Since 1969—the year the of the NFL-AFL merger—the Buffalo Bills and the Buffalo Sabres, who were founded in 1970, have combined for 80 total season without a championship. Outside of the four consecutive Super Bowl appearances in the early 1990s and the Stanley Cup Final runs in 1975 and 1999, both franchises have been ensconced in mediocrity and failure.
That's six seasons, out of 80, where the proud Buffalo franchises have reached the championship, and every single attempt fell short.
But now there appears to be a light at the end of the tunnel. It may be a long tunnel, but the end may just be coming into focus. Both teams have made very important decisions in the past few weeks that could alter the course of these much-maligned franchises, and Buffalo fans may finally have a reason to celebrate.
First up is the Buffalo Sabres. Owner Tom Golisano gave the city one of its biggest gifts in 2003 by buying up the franchise and keeping them from folding or moving away after the team fell into bankruptcy after the Knox/Adelphia debacle. But Golisano never seemed to be about winning. He loves Buffalo, no question about it, but the almighty dollar always seemed to be his endgame.
But now we are moving on. Golisano finalized the sale of the Sabres this month to a new owner, billionaire Terry Pegula. Pegula, a Pennsylvania native who has ties to Western New York, looks to be everything that Golisano wasn't in an owner.
That is not to say Pegula hates Buffalo—quite the opposite—but he looks willing to make the deals and spend the money needed to build the Stanley Cup-caliber team that Buffalo has lacked for years. Fans clamor every year for GM Darcy Regier to make that deadline trade that would put the Sabres over the top, or sign that big name free agent to ensure the playoffs for the next season, but it never happened.

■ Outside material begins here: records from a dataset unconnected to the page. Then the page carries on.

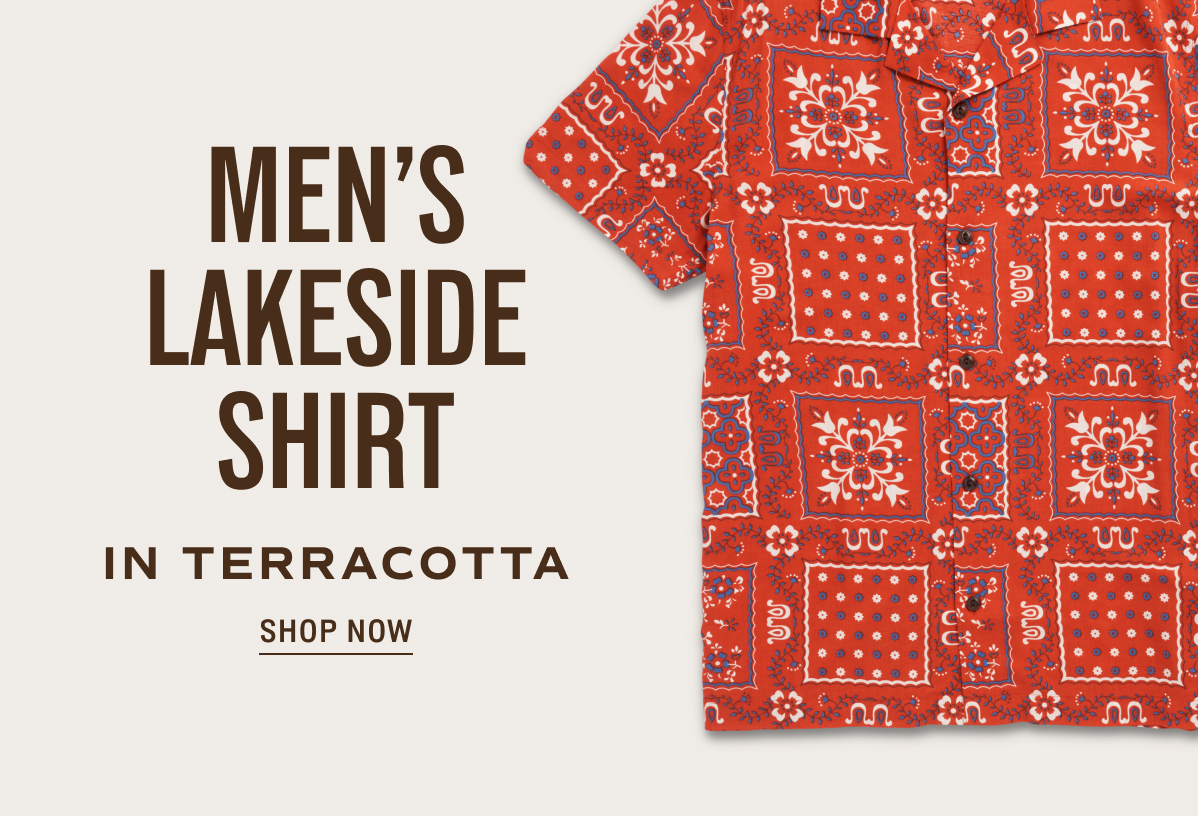 Shop Now: Men's Lakeside Shirt in Terracotta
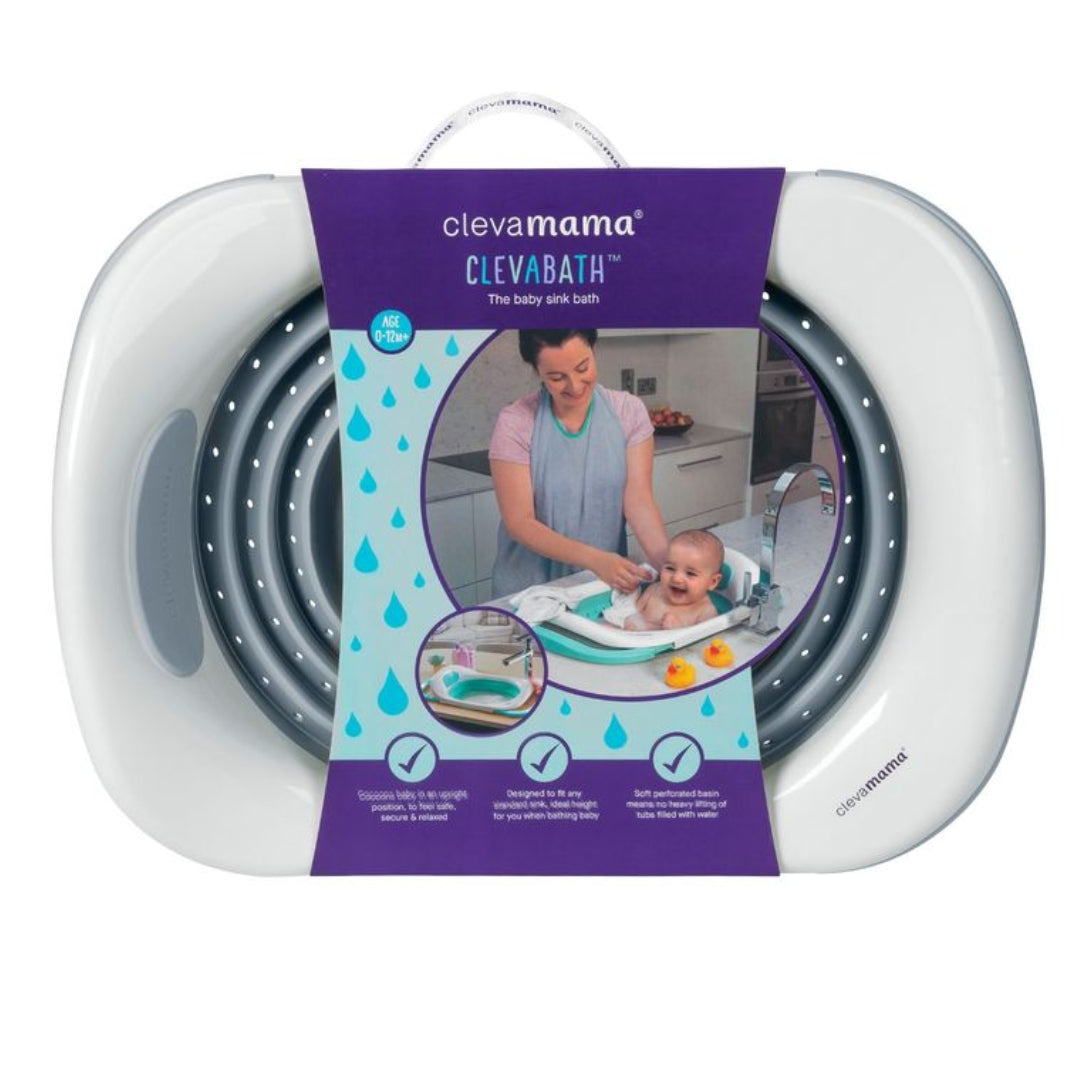 ClevaMama ClevaBath The Sink Bath Grey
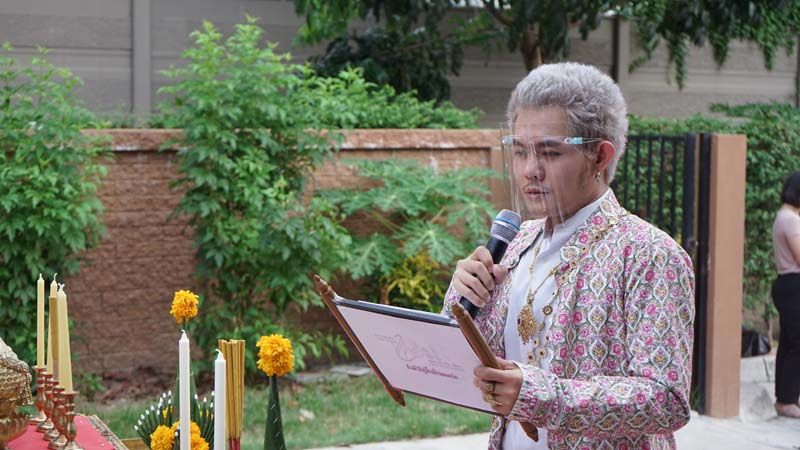 ‘เก่ง-ธชย’ ขับเสภาถวายปู่เวสสุวรรณ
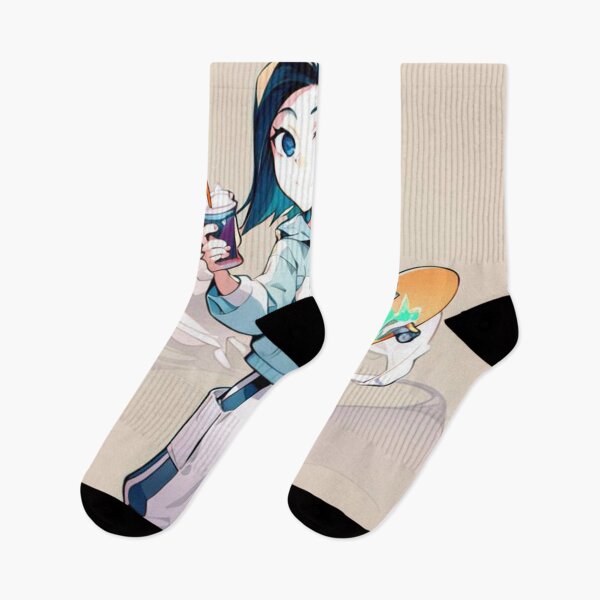 Item preview, Manga anime girl with drink and skateboard designed and sold by Sany12352.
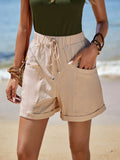 Short Feminino Simples, com Bolso e Franzido - Chantal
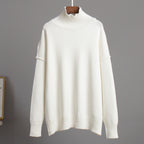 The Ivory Frost High Neck Sweater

Since 2007, when the team's two biggest stars—Daniel Briere and Chris Drury—were allowed to walk away in free agency, fans have been dying for someone in charge who will make the best interests of the team more important than the salary cap.
Terry Pegula certainly seems to be that man, and even if he keeps Regier around, you can be certain that Pegula will be much more forceful in demanding his GM make the needed trades and sign the necessary players than his predecessor was.
The Sabres will start to be a major player in the NHL very soon—at the trade deadline, in free agency and most importantly, in the playoffs. Maybe not this season, but certainly in the years to come. However, nobody could argue that the Sabres aren't currently better off than the Bills right now, but even they are starting to make changes.
The Bills haven't made the playoffs in 11 years—you may remember their last trip, something about a Miracle in the Music City—but this season Chan Gailey made strides with an under-manned team and gave the fans some hope for the future.
There may be some questions about 70-year-old GM Buddy Nix and his ability to run the team, but since 2002 there is one thing about which there was no question: the Buffalo Bills had the worst jerseys in the NFL. The hideous, Arena Football League-esque jerseys have only emboldened the idea around the NFL the the Bills are not to be respected. But that's finally about to change.
The team announced this week that they will be changing their jerseys for the upcoming season, a decision that was met with near unanimous praise. Fans and players alike are very excited about the change, from Hall of Fame RB Thurman Thomas to current starter Fred Jackson, who said on his twitter, "I can honestly say this. In the 5 years Ive been in Buff there hasn't been a guy (including myself) that liked the current Unis!!"
Even hard-nosed commentator Jim Rome praised the move on his radio show, going as far as to say that the new jerseys alone will give the Bills one more win next season, because if you look good, you feel good and you play good.
If the Bills can find a franchise-changing player at the No. 3 spot in the draft this April, and build on the successes of last season, then they can get on the path toward winning again sooner rather than later.
A championship, whether it be a Super Bowl or a Stanley Cup, may not be right around the corner, but it may be down the block. And it looks like Buffalo's major franchises may be getting on the right path after all of this time. So hold your head (and beer) high, Buffalo—respect and winning are on the way.